Eventually, Amazon realized this and replaced the ranking system with a measure of “standardized deployment volume,” which focuses on whether engineers are producing useful code. This reflects Goodhart’s Law: when a KPI becomes a goal in itself, it loses its effectiveness (just as focusing on working hours was once effective, but now focusing on Tokens is just formalism).
Other companies have followed suit: Shopify changed their ranking system to a neutral dashboard with a “circuit breaker” mechanism to prevent excessive consumption; Duolingo removed AI-related evaluations; Microsoft has reduced the authorization of external AI tools.
4. True AI Efficiency Lies in Business Integration
Many companies misunderstand the significance of AI transformation. They think that creating accounts and using Tokens is enough for success, but that’s not the case:
- Uber found that while more code was written with AI, it didn’t provide users with more useful features;
- GitClear, a code analysis company, found that AI-assisted code had a 9-fold increase in rework rates and an 8-fold increase in duplicate code. In other words, AI has simply replaced human inefficiency with more expensive AI inefficiency.

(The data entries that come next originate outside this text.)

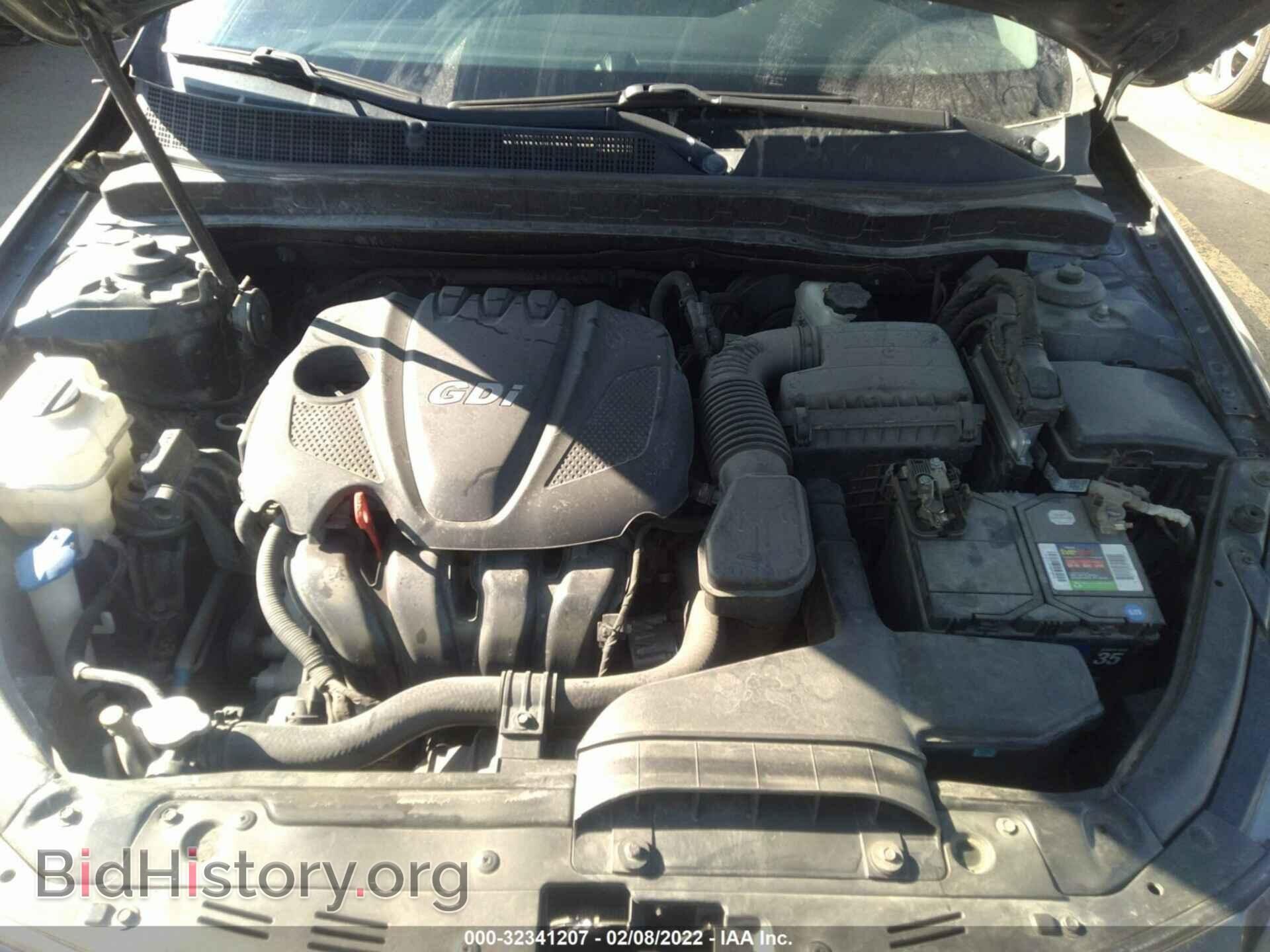 2011 KIA OPTIMA - VIN: KNAGM4A74B5109750 - Фото 10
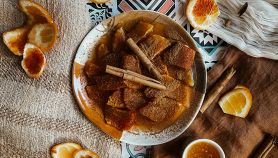 Insalata di arance Marocchina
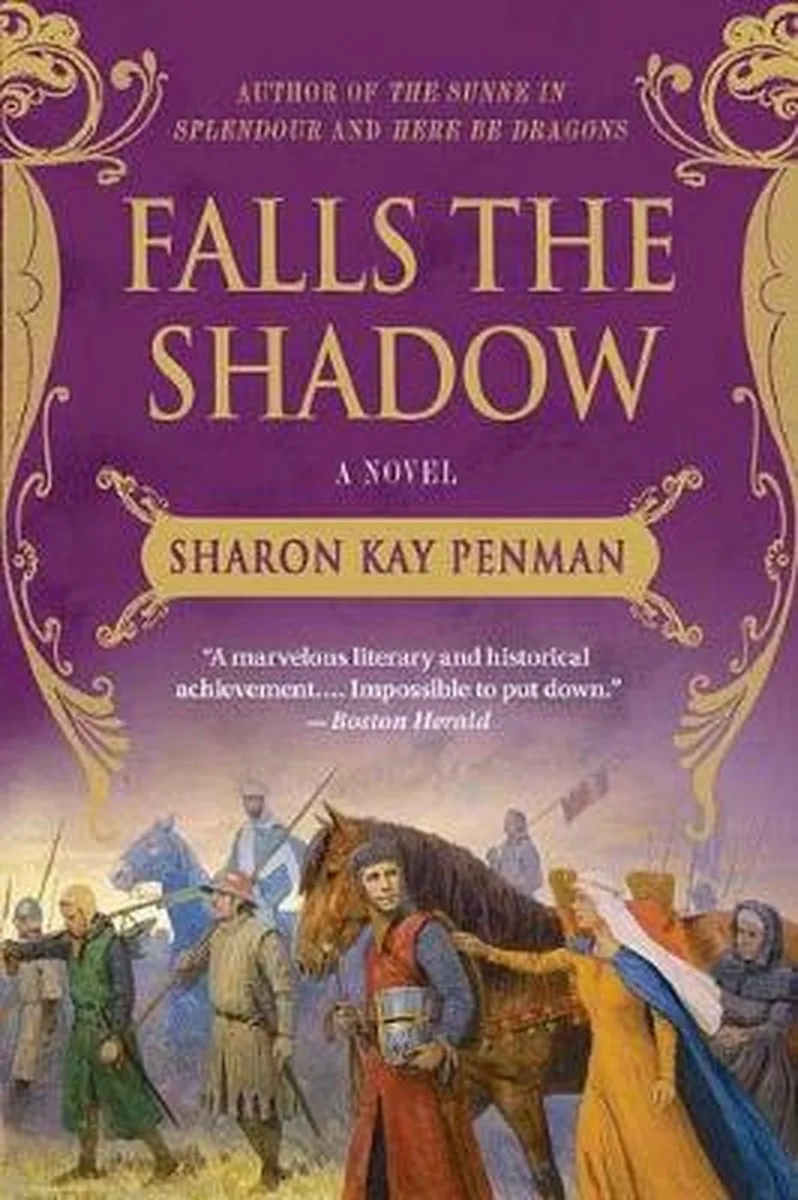 Falls The Shadow von St. Martin's Press – Buchfoto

True efficiency comes from integrating AI into business processes. Companies like OpenAI and Anthropic are hiring “forward-deployment engineers” to work closely with clients, understand their processes, manage permissions, and integrate AI solutions effectively.
In conclusion, wasting Tokens is not a sign of success. What really matters is showing how the use of AI has improved the company’s operations—whether it has shortened processes, reduced rework, or accelerated deliveries.
Final Summary
AI transformation is not about who spends the most money, but about who solves the most problems with AI. Don’t let your Token costs become just numbers in someone else’s financial reports.